Thank you for sharing this. After a tragedy there will always be a mix of spontaneous sincere emotions and people who posture or try to exploit the circumstances. It's good to sort these things out. Life is complex too - but some people search for perfect spotless victims or something similar to make the narrative more easy to digest.

I'm wary about slogans and large groups operating in sync, because of the potential vulnerabilities of losing yourself to the group and going along with it because of pressure rather than because you've thought things out. It's one thing to express solidarity or grief - but I've seen people demand that others say, "Je Suis Charlie" as the right way to express this (or the one appropriate way), and this I don't like.

Rouchswalwe said...

Thank you for telling us of the individuals you know and met in St. Brieuc. It's all for naught if we don't keep in our minds and hearts that people are affected by all this. Watching the live coverage from Paris, I also was struck by the eloquence of the individuals who responded to reporters pointing microphones their way. I sincerely hope the goodwill doesn't fade and that more and more, people will find it possible to talk to those different from themselves with courtesy and kindness.

Nimble said...

I'm also touched by all the people who are seeing this as a moment to reach out to be connected to others.
Thanks for your thoughts.

YourFireAnt said...

Yes, what Nimble said is true. After the planes hit on September 11th 2001, the people in my neighborhood bonded. For the first time ever. You never saw so many picnics and potlucks, and greeting each other in the street, and helping out with each other's raking, and lawnmowing, and snow shoveling, and .... you name it. Thanks, Nimble, for mentioning this.

T.

Natalie d'Arbeloff said...

Am absolutely with your thoughts on this, Lucy, and it's why I didn't join the Je Suis Charlie chorus. The subject is complex and multi-faceted but the situation has made everyone sit up and think and some very good articles (like your piece here) have appeared in the press.
Thanks for your always thoughtful eye and ear.

Soize said...

Je vais récupérer ton dessin, je le trouve particulièrement bien vu ;-)
On entend et on voit tout et n'importe quoi ces jours-ci

Roderick Robinson said...

I'd say you fell into a reverie which I note for the first time must have its roots in rever. Much of my working life passed in this state, listening to others speak, playing with the words they uttered in the way I used to chew my bus-ticket en route to school, enhancing dull moments.

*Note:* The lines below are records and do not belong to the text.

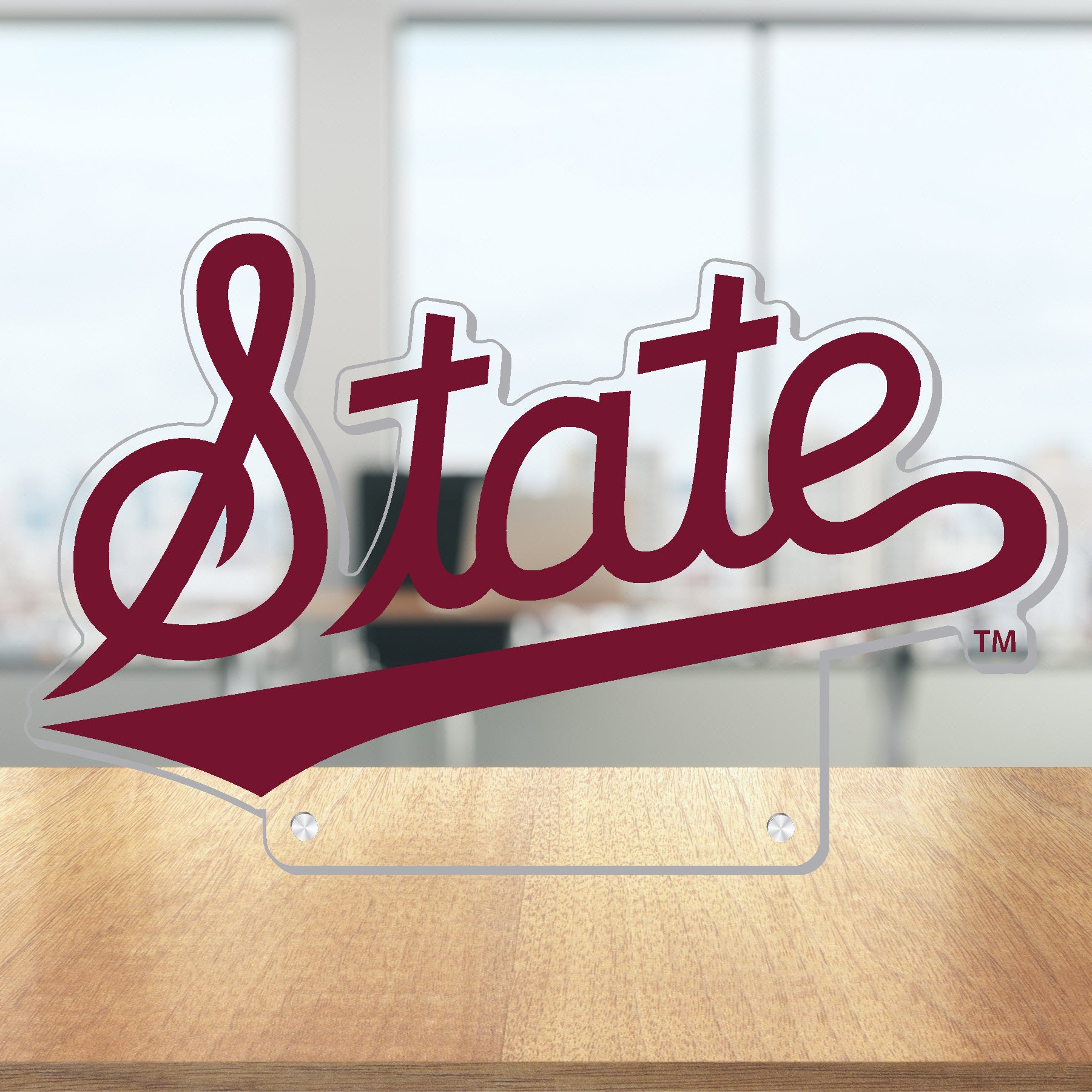 Color Shock State Script Acrylic Standee – The College Corner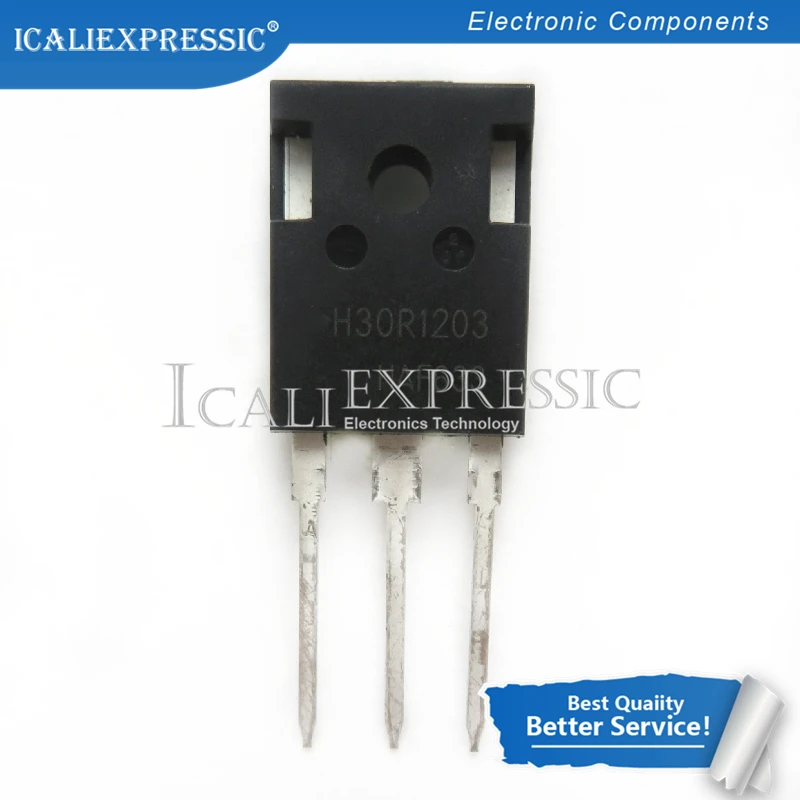 1 шт. IHW30N120R3 H30R1203 IHW30N120R2 H30R1202 IHW30N120R H30R120-247 30A 1200V IGBT транзистор в наличии |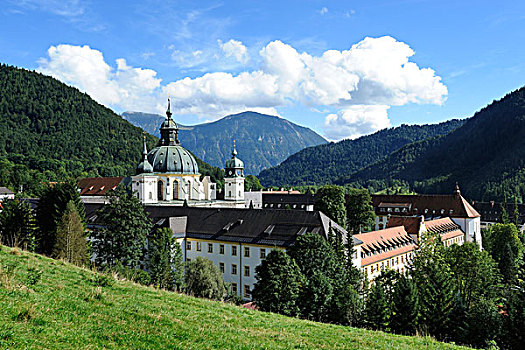 艾塔,教堂,修道院教堂,上巴伐利亚,巴伐利亚,德国,欧洲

Having watched the post-assassination coverage on the BBC I was struck by detail after detail proving that these semi-formal events were taking place in France and nowhere else. The projection of the tricolore on to the plinth of that statue, the way the Je Suis Charlie cards were held (as identification rather than assertion), the complex sentences English-speakers came up with in the vox pops, the predominance of middle-class clothing.

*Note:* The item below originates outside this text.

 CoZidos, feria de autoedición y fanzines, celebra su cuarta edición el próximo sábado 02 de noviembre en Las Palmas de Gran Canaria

Struck too by photos in the blog you recommended and the nature of the scribbled messages (Seule la fraternité nous rend VIVANTS; Pas peur: Quand les hommes virent d'AMOUR il n'y aura plus... Jamais PLUS!) with all the accents and the apostrophes carefully included.

Amalgam is or was used to fill teeth. Now I know why.

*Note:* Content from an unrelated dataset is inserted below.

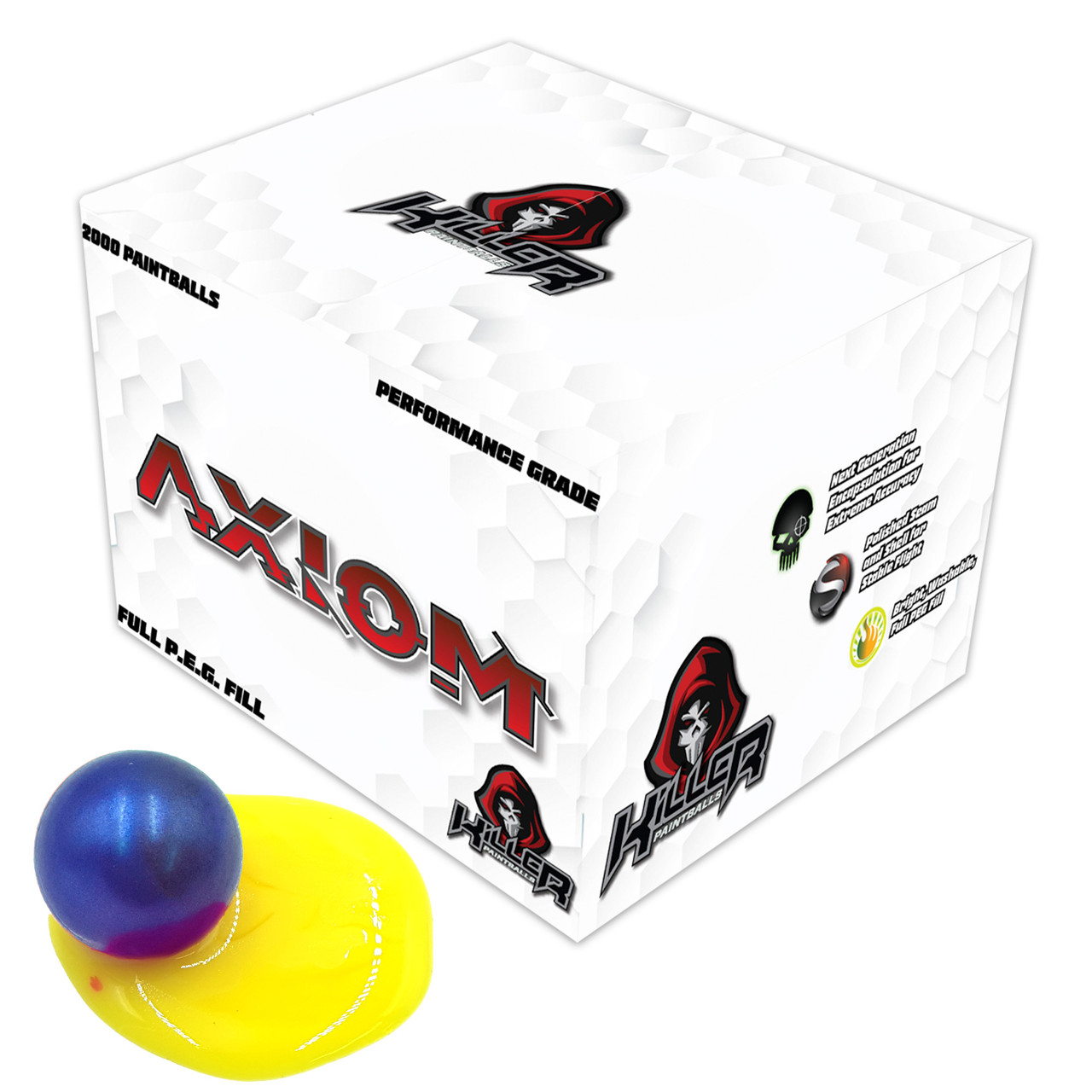 Killer - Axiom - Purple w/Yellow Fill - .68 Caliber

I know I'm just diddling, scattering hundreds and thousands, and you've been serious, done a good journalistic job: facts, reflections, valid detours, explanations. Chapeau

I said on my blog I was exhausted and I realise that wasn't sufficient. What tired me was my diminishing ability to add anything useful. For a time you may have reached a similar conclusion about yourself but happily you got your second wind. Thanks for the two-parter; it deserves wide exposure.

the polish chick said...

thank you for this post, lucy. thoughtful and quiet, as one expects from you.